Siamo al monetarismo faustiano. Ma, soprattutto, al libero mercato da Banca centrale. Ovvero, un ossimoro totale. Come la guerra umanitaria. Certo, queste dinamiche sono complesse da spiegare. E, soprattutto, nessuno si aspetta dalla stampa che si prenda lo scrupolo di scavare. Domani i titoli saranno per l’ennesimo rialzo e per la lotta all’inflazione che non conosce tregua. Volendo usare un francesismo, cazzate. La Fed si è imbarcata in questo tour de force senza precedenti e apparentemente azzardato semplicemente perché lo ha preparato a tavolino, sapendo che la corporate America e Wall Street non avrebbero patito. Anzi, tra poco, Mr. Smith avrà la sua dose di helicopter money da emergenza. E starà buono.

E la Bce, invece? E non pensiate che questo ragionamento sia meramente teorico. Le valanghe, infatti, nascono silenziose. E partono da lontano. Non a caso, si dice che a generarle sia la proverbiale palla di neve. E proprio come gli iceberg che diventano letali perché nascosti sotto al pelo dell’acqua al 90%, così questo arrivare all’improvviso spesso coglie di sorpresa gli escursionisti meno esperti. E attenti. Qui, però, c’è del metodo. La settimana scorsa, i depositi delle banche Usa hanno patito un calo pari a 78,7 miliardi di dollari, l’outflow maggiore dal 22 marzo scorso. Ovvero, subito dopo il tonfo di Silicon Valley Bank. Nel contempo, però, l’emorragia non era terminata per rinnovata fiducia nel sistema. Bensì, unicamente per l’uso strutturale delle facilities di finanziamento Fed. Quelle emergenziali. Così come l’inflazione era transitoria. Insomma, diciamo che la palla di neve sta rotolando da quattro mesi esatti. Non accorgersene appare sospetto. O sei cieco o sei connivente. In compenso, le medesime banche pronte a pagare interessi fuori mercato pur di garantirsi inflows di depositi vincolati, contraggono il credito. E molto. Ma non solo loro. In un’economia basata al 70% sui consumi personali, alcune voci di spesa sono storicamente canarini nella miniera. Fra queste, l’acquisto di auto a rate è lo pterodattilo.

Ed ecco che questo altro grafico ci mostra come non solo calino le richieste di finanziamento, stante un credit crunch che opera da dissuasore preventivo per detentori di rating traballanti, ma sia in netto e tendenziale aumento il tasso percentuale di richieste respinte. E negli Usa, quando vuoi mettere sull’attenti qualcuno rispetto alle intenzioni di terzi, gli si pone una domanda retorica: Compreresti un’auto usata da quell’uomo?. Ovvero, Oltreoceano una vettura di seconda mano non si nega a nessuno. Nemmeno a rate. Anzi, soprattutto a rate. Le finanziarie ci campano, i recupero crediti con ripossessioni anche. Le banche, soprattutto quelle locali, di fatto operano da finanziatore di ultima istanza proprio delle finanziarie. Le quali divengono brokers.

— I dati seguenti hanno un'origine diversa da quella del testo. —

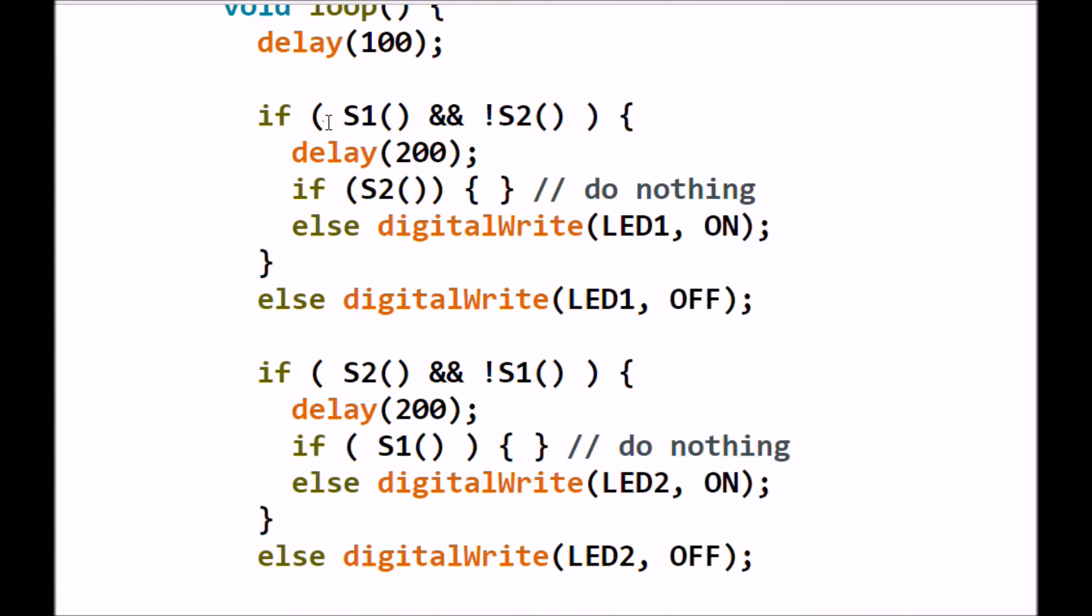So, switch one up here. You press the switch. Runs through this routine. Turns LED1 on. The motor runs in one direction. If you release the switch, as it keeps sweeping through a loop, it'll turn it right back off. Same thing, S2.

Dopo il caos subprime, i rischi sull’affidabilità creditizia e sulla natura di certe cartolarizzazioni hanno visto parecchi istituti minori ritirarsi dal casinò. E le grandi banche hanno fatto affari d’oro, acquisendo un mercato decisamente interessante e con accantonamenti comunque gestibili per una Big 4. Soprattutto con una Fed in modalità tassi a zero e bilancio in orbita. Poi arrivò il Covid e i sostegni al reddito di massa, l’helicopter money pandemica. E guarda caso, le richieste tornarono a crescere. Di nuovo auto usate per tutti. E ora? Ora lo pterodattilo nella miniera e la palla di neve stanno unendo le forze per dirci una cosa sola: prepariamoci a un’altra ondata di sostegni salariali e a un regime change sugli standard creditizi. Altrimenti, salta il sistema. Inteso come economia basata sui consumi. Ma il sottotesto ci dice altro: qualcuno deve pagare il prezzo all’alibi di turno. Chi? E quando, stante l’insipienza della variabile se.